#### [TASK DETAILS]
Of the entries below, return only those lines from the line with "8pc For Mercedes-Benz" to the line with "A Sparex Halogen", exactly, both included.

MATERIAL PROVIDED START

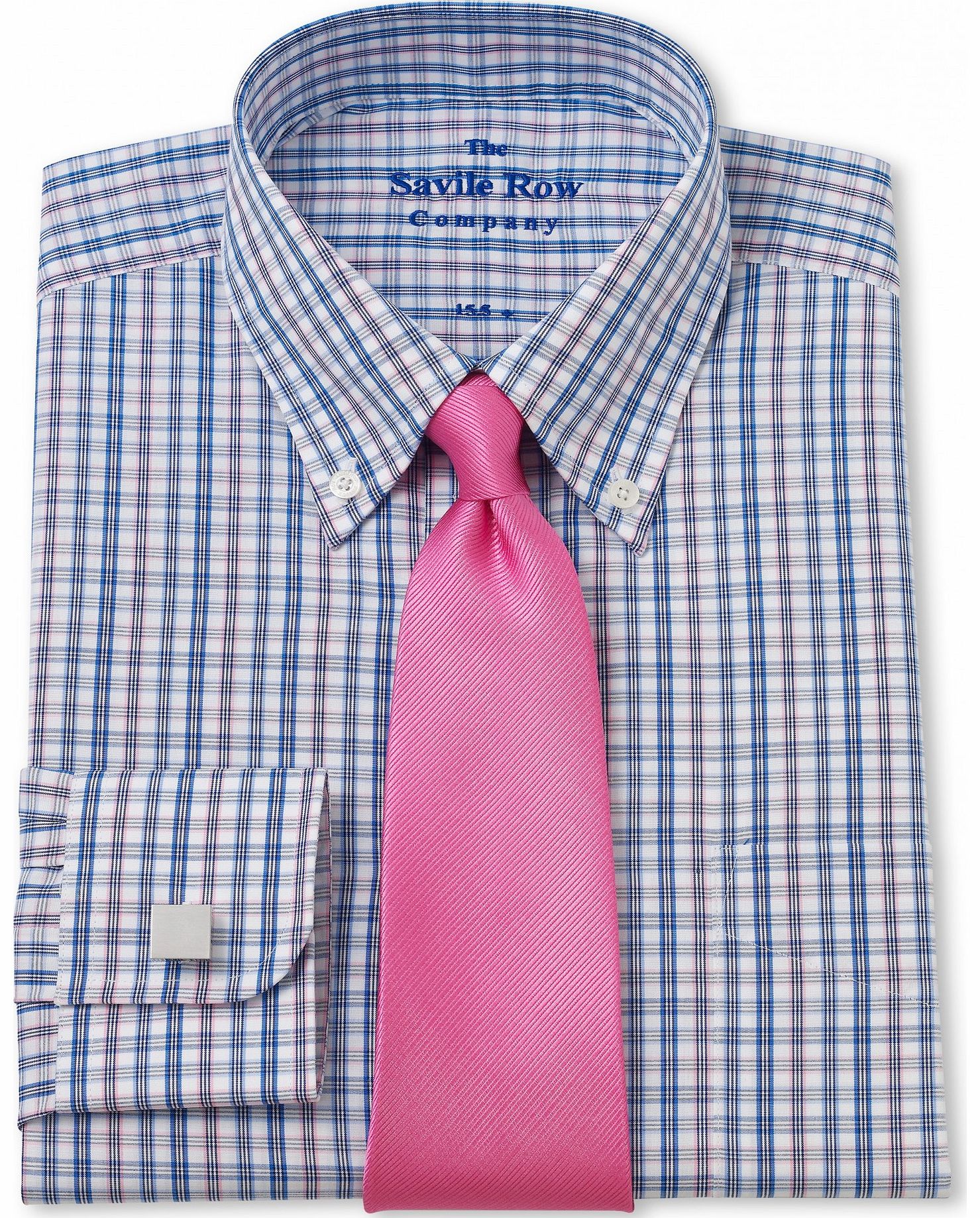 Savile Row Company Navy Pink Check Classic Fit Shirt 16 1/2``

MATERIAL PROVIDED END
MATERIAL PROVIDED START

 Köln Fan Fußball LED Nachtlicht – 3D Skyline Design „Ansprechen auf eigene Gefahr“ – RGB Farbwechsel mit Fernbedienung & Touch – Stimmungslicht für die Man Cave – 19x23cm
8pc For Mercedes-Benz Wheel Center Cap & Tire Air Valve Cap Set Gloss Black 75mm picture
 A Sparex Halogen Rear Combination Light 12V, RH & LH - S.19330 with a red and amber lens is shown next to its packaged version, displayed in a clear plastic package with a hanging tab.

MATERIAL PROVIDED END

#### [FINISHED EXERCISE]
8pc For Mercedes-Benz Wheel Center Cap & Tire Air Valve Cap Set Gloss Black 75mm picture
 A Sparex Halogen Rear Combination Light 12V, RH & LH - S.19330 with a red and amber lens is shown next to its packaged version, displayed in a clear plastic package with a hanging tab.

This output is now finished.